So my mom was over the other day and announced, “Well, Friday is the last day for ‘All My Children.'” To which my gramma replied, “Aw, you gonna cry?”
My mom watched All My Children — hereafter referred to as “AMC” or “All My Kids” — from the beginning, as it aired around a time that she breastfed my 41-year-old sis (when she was still a baby, of course). It replaced the game show “Dream House” where contestants would win room furnishings, and sometimes an actual house, a mix of “The Price Is Right” and “Extreme Home Makeover.”
“I’d never seen a soap opera, and I wanted to watch it from the beginning to find out if everyone was sane — and then they started sleeping with each other and killing and lying? Or if they start out at different stages of nuttyhood,” my mom said.
Apparently Erica Kane — played by Susan Lucci, who finally won an Emmy in 1999 on her 19th nomination — was an evil wench right from the start. One of her first orders of business was trying to break up a young couple Phillip and Tara. (Phillip, the heartthrob of Pine Valley — later replaced by Tad — was the adopted son of Ruth and Joe Martin, which he didn’t realize at the time, of course. FYI the actress who played Ruth, Mary Fickett, died last week at the age of 83.)

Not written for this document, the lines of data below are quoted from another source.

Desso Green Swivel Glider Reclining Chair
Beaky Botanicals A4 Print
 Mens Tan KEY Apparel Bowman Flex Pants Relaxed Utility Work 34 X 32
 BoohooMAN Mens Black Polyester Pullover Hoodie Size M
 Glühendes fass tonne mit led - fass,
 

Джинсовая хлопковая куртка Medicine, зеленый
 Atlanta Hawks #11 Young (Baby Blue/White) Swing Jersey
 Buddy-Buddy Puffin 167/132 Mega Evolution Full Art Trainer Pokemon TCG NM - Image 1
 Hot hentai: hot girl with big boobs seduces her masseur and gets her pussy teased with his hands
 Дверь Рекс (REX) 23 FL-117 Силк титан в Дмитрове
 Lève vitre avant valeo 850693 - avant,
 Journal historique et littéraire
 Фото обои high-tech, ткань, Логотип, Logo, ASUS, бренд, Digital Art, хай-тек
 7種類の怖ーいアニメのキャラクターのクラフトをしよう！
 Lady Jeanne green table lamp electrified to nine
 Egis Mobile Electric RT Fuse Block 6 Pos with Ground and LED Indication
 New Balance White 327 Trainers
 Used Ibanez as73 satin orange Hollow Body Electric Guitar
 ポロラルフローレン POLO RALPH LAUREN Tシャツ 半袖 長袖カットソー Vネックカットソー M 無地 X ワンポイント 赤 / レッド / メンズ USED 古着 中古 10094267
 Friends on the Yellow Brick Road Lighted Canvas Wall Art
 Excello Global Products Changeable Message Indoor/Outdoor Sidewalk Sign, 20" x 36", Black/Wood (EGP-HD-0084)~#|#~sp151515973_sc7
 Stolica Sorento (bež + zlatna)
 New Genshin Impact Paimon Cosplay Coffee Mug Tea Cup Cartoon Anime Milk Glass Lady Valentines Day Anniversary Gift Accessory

While my mom was working at Public Aid, she’d watch “All My Kids”on her lunch break — in the electronics department at Montgomery Ward in downtown Chicago. “[The employees] got tired of seeing everybody standing there, so they just put in these pew-like benches and we would just sit there and eat our lunch and watch.” This was a cutting-edge show: Erica Kane was the first TV character to have an abortion, and they dealt with issues of homosexuality, spousal abuse of women, and pregnancy after 40. By the time I came around, my mom was staying at home, and her third child didn’t quell her addiction to the daytime serial.
“All My Children” came on at noon. It was my mom’s “show” and we weren’t allowed to watch anything else during that time, or bother her (though she disputes this). So I would inevitably end up watching it sometimes, during the summer or if we’d come home for lunch. And I fell in love, too, I guess. The evil twins on this show were branded on my little brain, it introduced me to insane, maybe — to characters like Natalie and her evil twin “Crazy Janet” (who threw her into a well), and vindictive Adam Chandler and his child-like other half Stuart. (And it introduced me to Kelly Ripa too — don’t forget that she got her start on this show as Hayley! And Carol Burnett played a character named Verla! Oh, I also got the autograph of Taylor Miller — aka “Nina Cortlandt” — when she was filming a movie near my childhood house in Oak Park.)
My mom, who hasn’t watched in over 10 years, said that she’s watched the show the last couple days and reported: “Tad and Dixie are getting married for like the third time, Angie got her sight back, and they brought Stuart back from the dead.” (Oh, Dixie came back from the dead too at one point — Adam had stashed her away in a mental institution.)
In the last episode that aired today, Erica — who’s married Jackson like three times already — tells Jackson that she doesn’t want to get married again, so Jackson tells her that he’s had enough (channeling Rhett Butler) and that she can go to LA by herself. Erica chases after him to get him back. But JR — the crazy drunk son of Adam and Dixie, who hates his father Adam (who is in the room) — is hiding in another room with a gun. Then JR then fires, and the scene ends on Erica reacting as the gun goes off, and then fades to black. What really happened we may never know.
“I thought JR would set off a bomb, blow everything up — bye Pine Valley!” my mom said.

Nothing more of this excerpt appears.